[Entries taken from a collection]
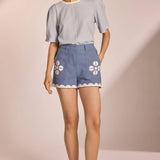 Strut & Bolt - Contrast Embroidery Shorts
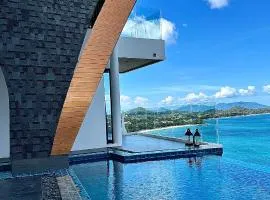 苏梅岛观景台海景別墅Golden Coconut Villa 5 超级海景 私密泳池 接送服务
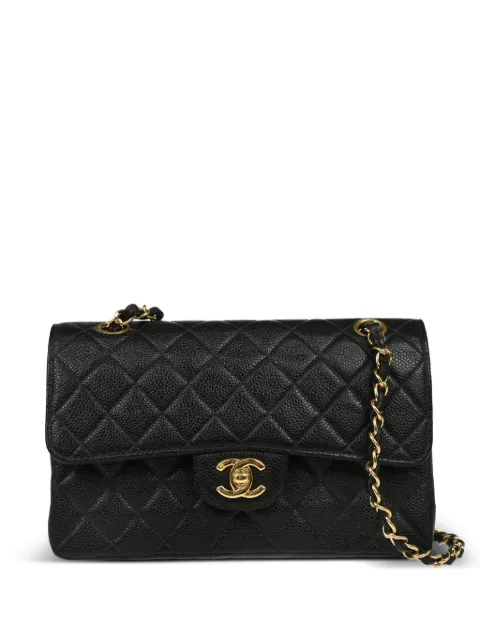 CHANEL Pre-Owned 2002 small Double Flap shoulder bag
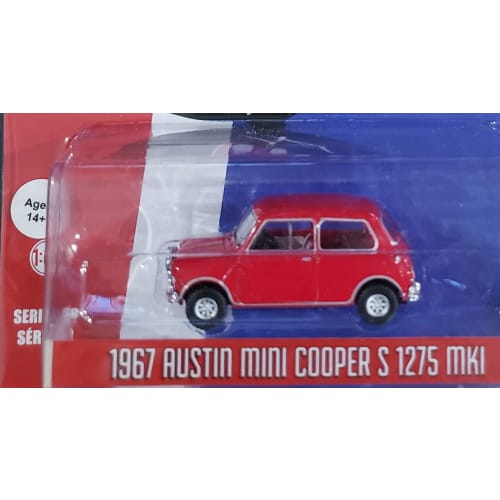 Greenlight 44880-B Hollywood Series 28 - Italian Job - 1967 Mini S 1275 MkI - Red, 1/64 Scale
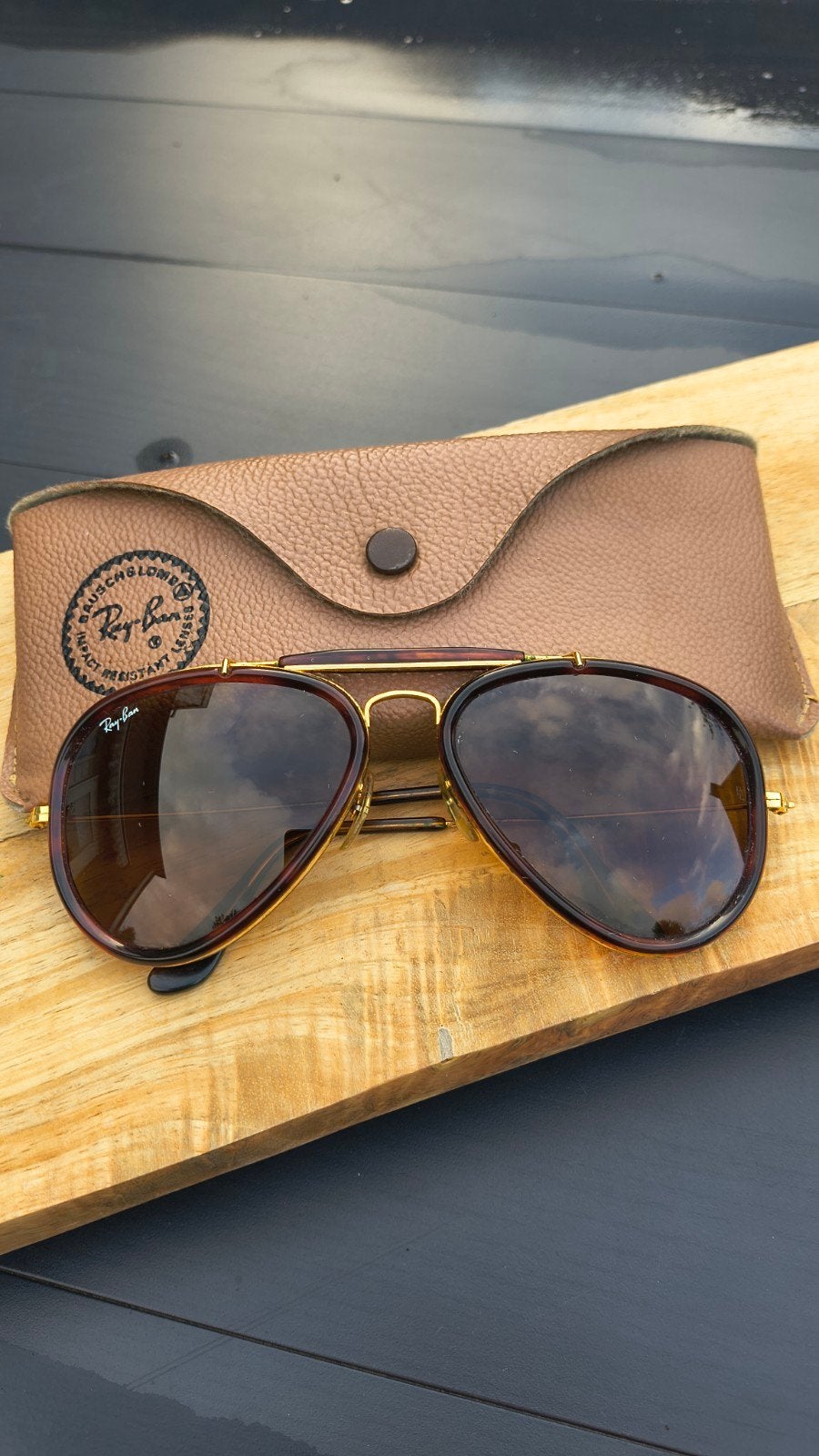 Zeldzame vintage Ray-Ban B&L USA Road Spirit Tortuga 62-14, Sieraden, Tassen en Uiterlijk, Ophalen of Verzenden, Nvt, Nvt, Ray-Ban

◆ WHAT THE TASK ASKS ◆
Before copying, set the pictures aside; then give the records again exactly.

◆ REPLY TO THE TASK ◆
 Strut & Bolt - Contrast Embroidery Shorts
 苏梅岛观景台海景別墅Golden Coconut Villa 5 超级海景 私密泳池 接送服务
 CHANEL Pre-Owned 2002 small Double Flap shoulder bag
 Greenlight 44880-B Hollywood Series 28 - Italian Job - 1967 Mini S 1275 MkI - Red, 1/64 Scale
 Zeldzame vintage Ray-Ban B&L USA Road Spirit Tortuga 62-14, Sieraden, Tassen en Uiterlijk, Ophalen of Verzenden, Nvt, Nvt, Ray-Ban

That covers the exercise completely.